Crawled caption data:
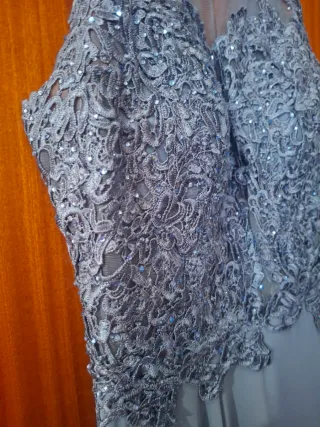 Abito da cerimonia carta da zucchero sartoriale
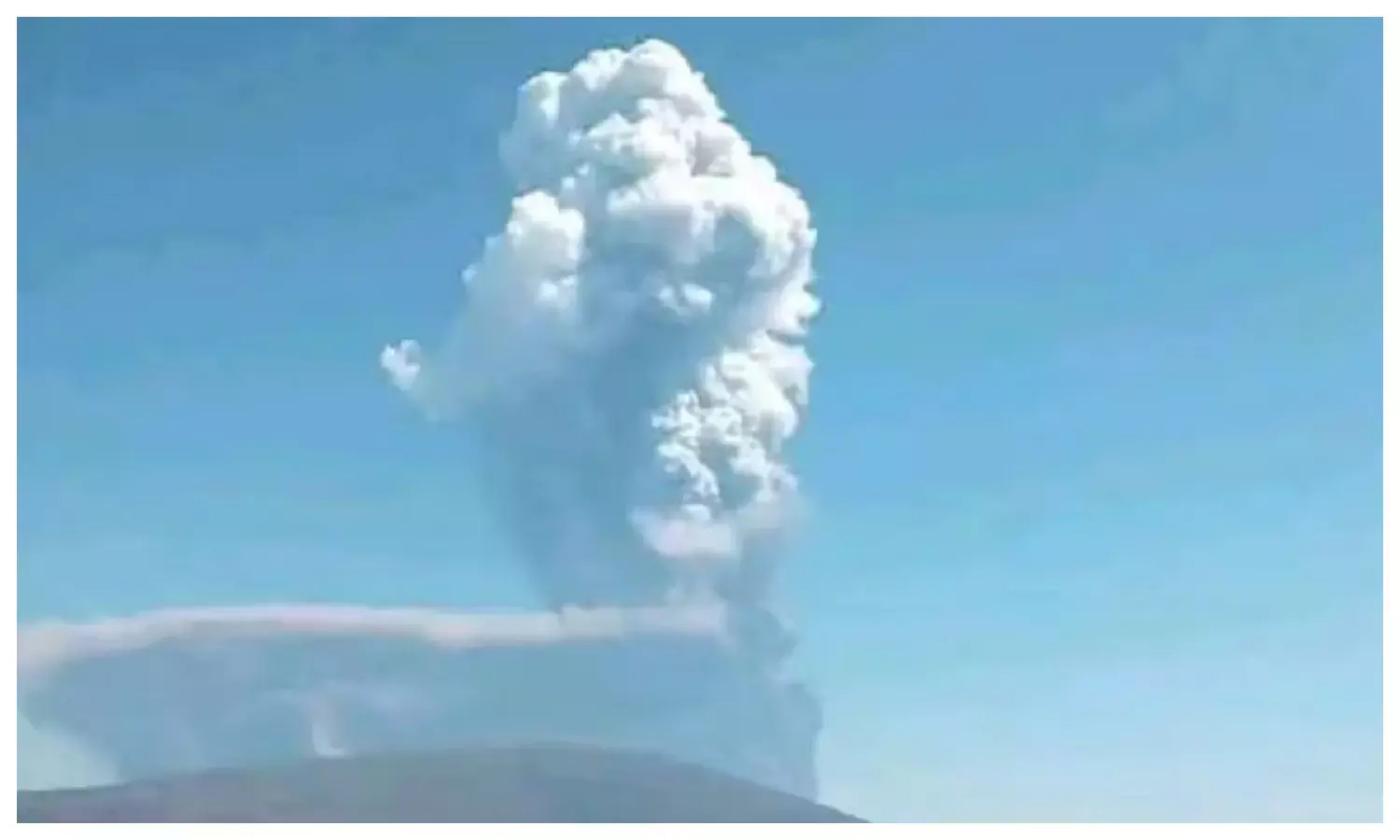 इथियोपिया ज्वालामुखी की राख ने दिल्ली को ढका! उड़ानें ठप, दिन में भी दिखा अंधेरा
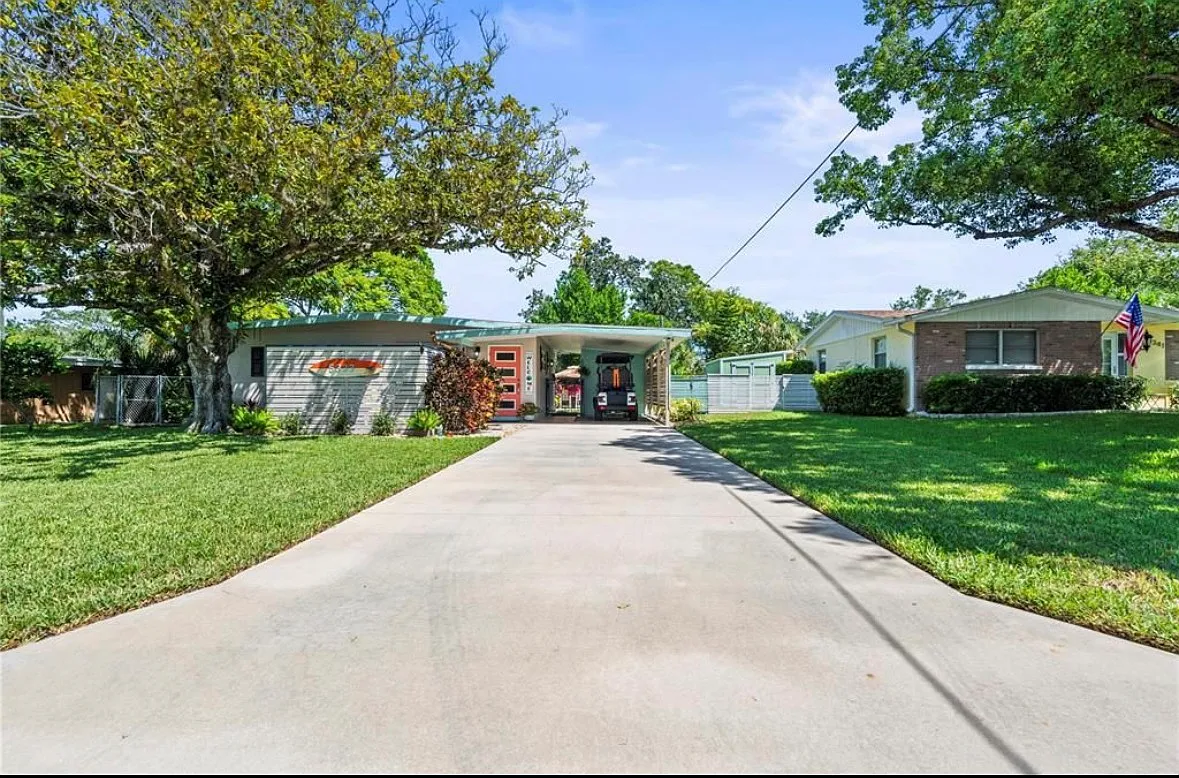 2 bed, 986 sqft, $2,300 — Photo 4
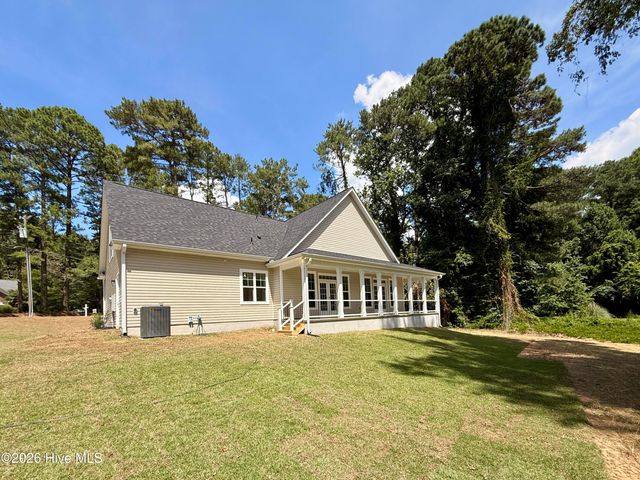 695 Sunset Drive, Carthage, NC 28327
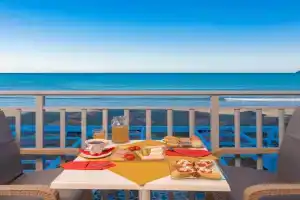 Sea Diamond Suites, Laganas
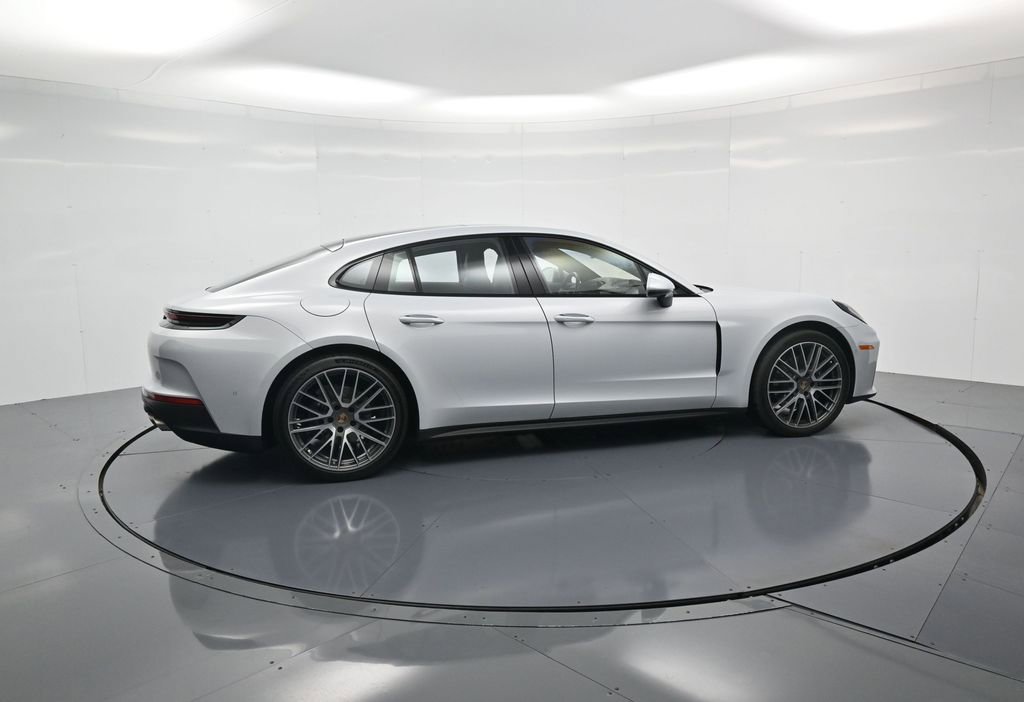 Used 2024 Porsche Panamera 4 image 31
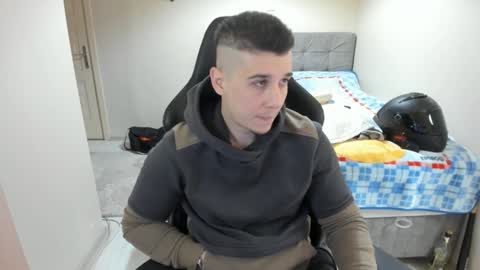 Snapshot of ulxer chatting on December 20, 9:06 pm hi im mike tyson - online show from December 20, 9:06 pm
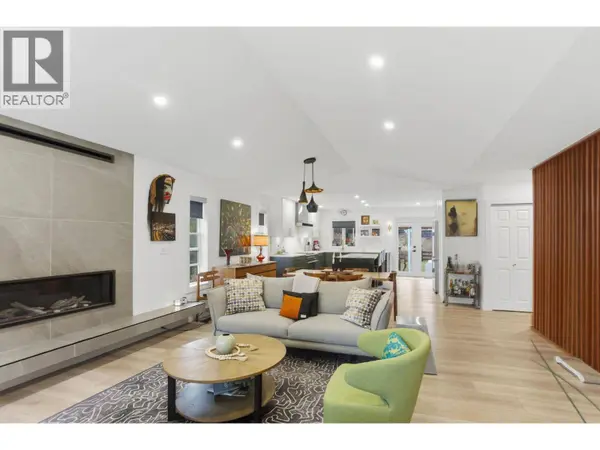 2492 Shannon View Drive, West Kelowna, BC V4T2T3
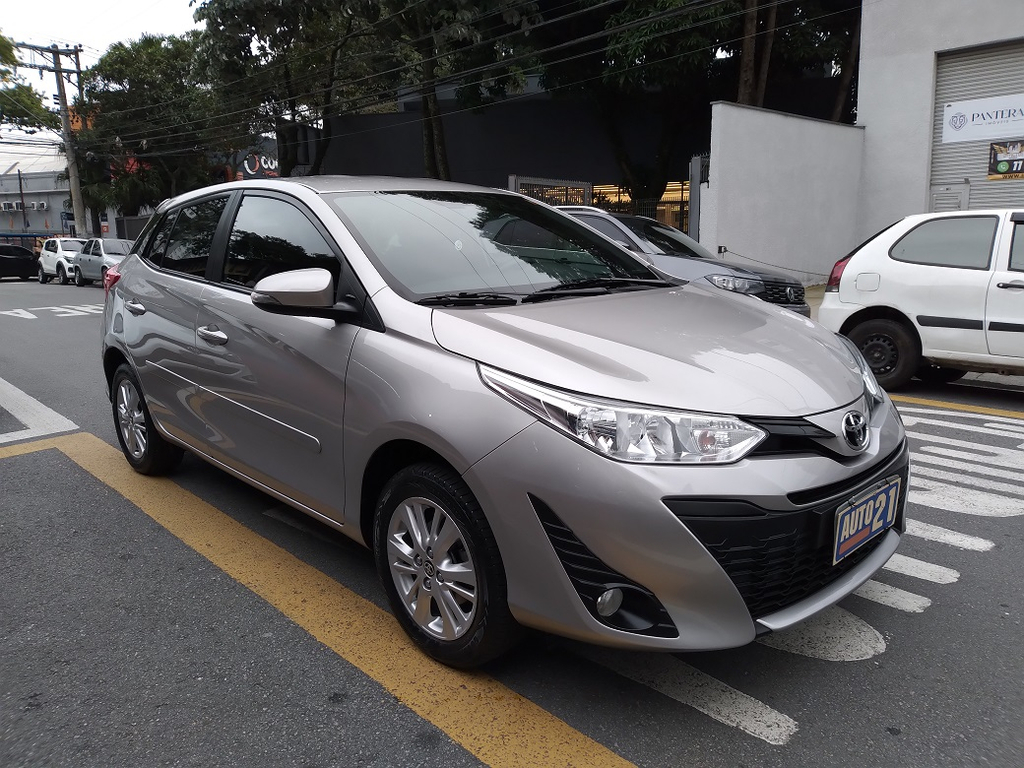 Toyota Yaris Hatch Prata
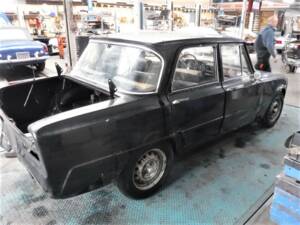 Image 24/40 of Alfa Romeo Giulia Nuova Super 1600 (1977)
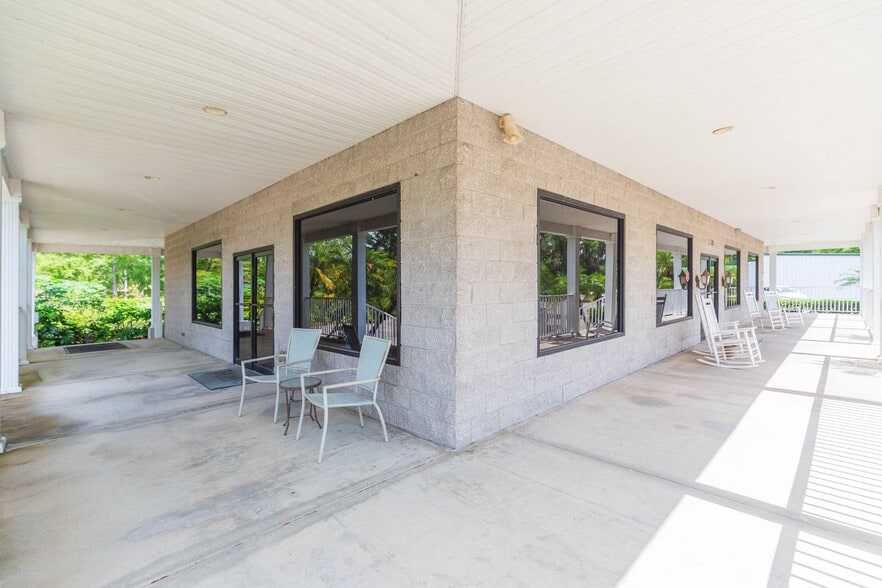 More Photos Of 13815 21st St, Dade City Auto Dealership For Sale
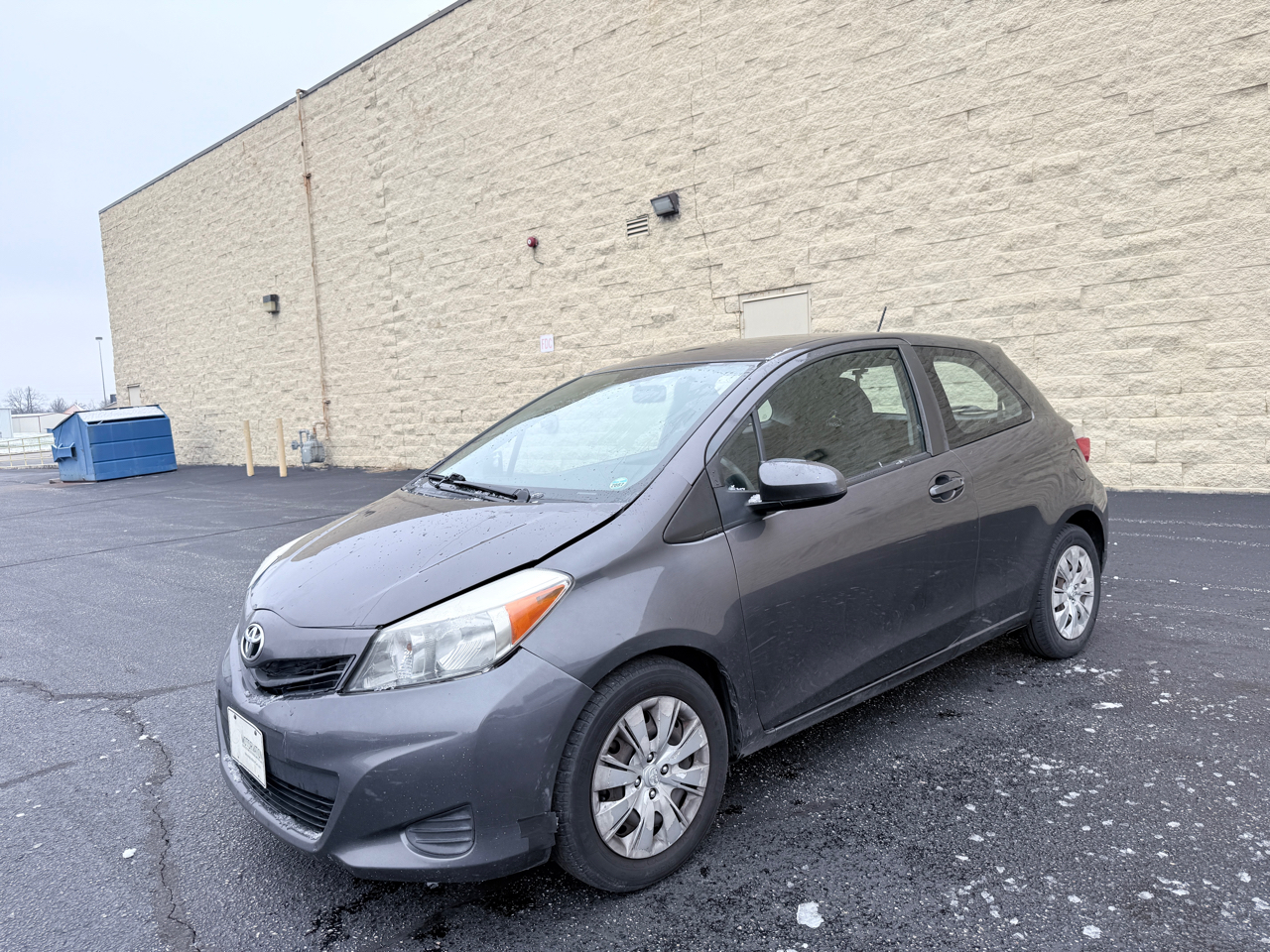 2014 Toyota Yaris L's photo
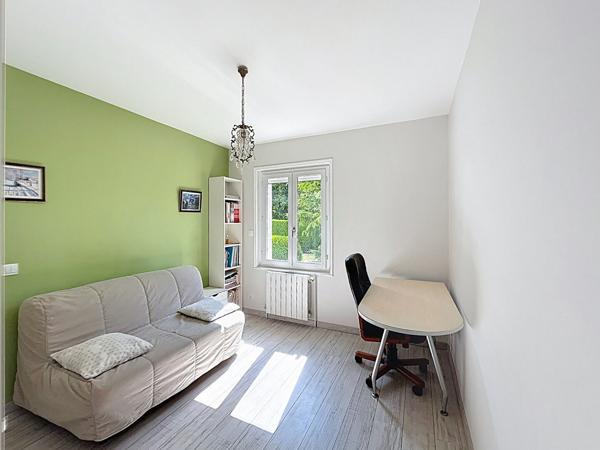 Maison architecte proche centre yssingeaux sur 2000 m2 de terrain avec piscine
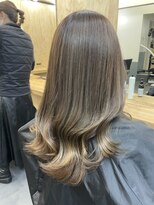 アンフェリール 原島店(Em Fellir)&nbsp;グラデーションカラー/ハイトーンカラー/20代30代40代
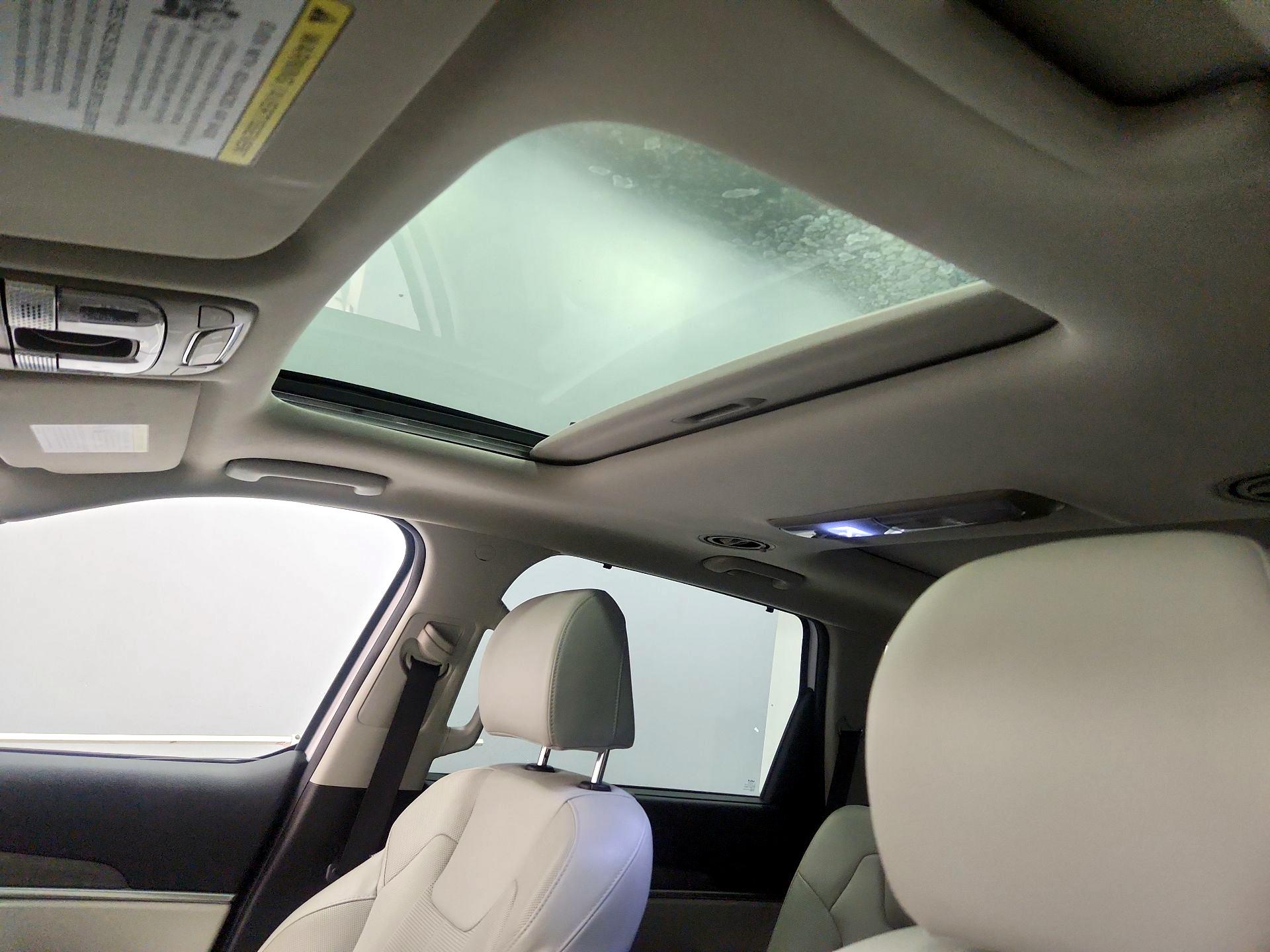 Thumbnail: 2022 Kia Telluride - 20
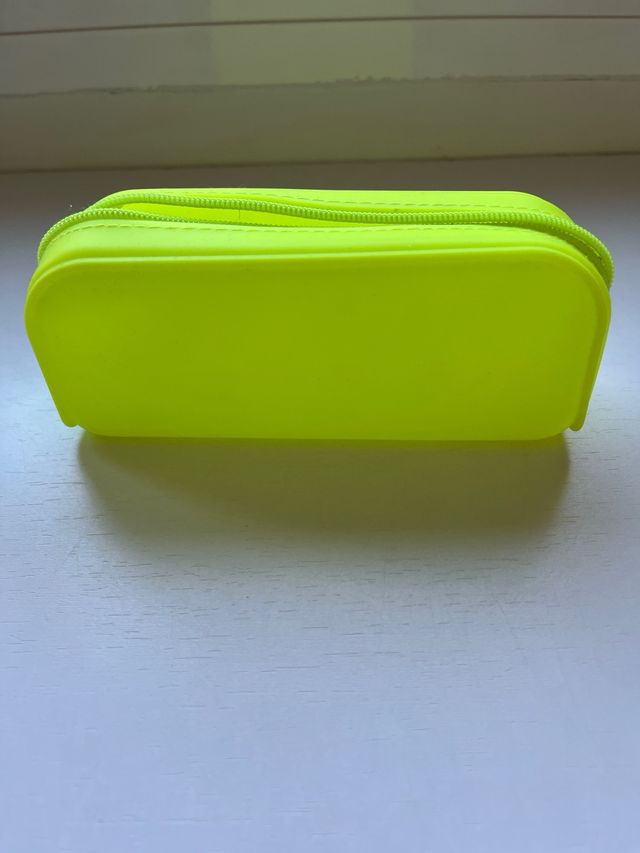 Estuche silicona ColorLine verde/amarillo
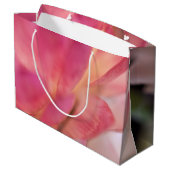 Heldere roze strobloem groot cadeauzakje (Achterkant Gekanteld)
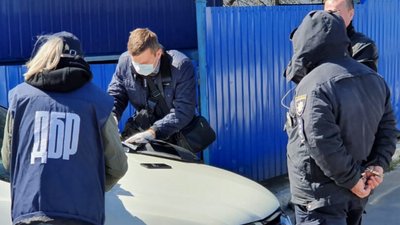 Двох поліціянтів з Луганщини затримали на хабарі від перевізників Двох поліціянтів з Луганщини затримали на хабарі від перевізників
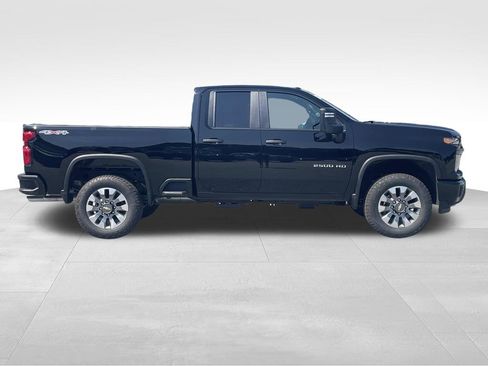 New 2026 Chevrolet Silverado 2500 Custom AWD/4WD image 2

*Your assignment*. In the answer, include exactly the lines from the top of the entries through the line containing "Sea Diamond Suites, Laganas", and nothing else, not even the pictures.

*Exercise result*.
 Abito da cerimonia carta da zucchero sartoriale
 इथियोपिया ज्वालामुखी की राख ने दिल्ली को ढका! उड़ानें ठप, दिन में भी दिखा अंधेरा
 2 bed, 986 sqft, $2,300 — Photo 4
 695 Sunset Drive, Carthage, NC 28327
 Sea Diamond Suites, Laganas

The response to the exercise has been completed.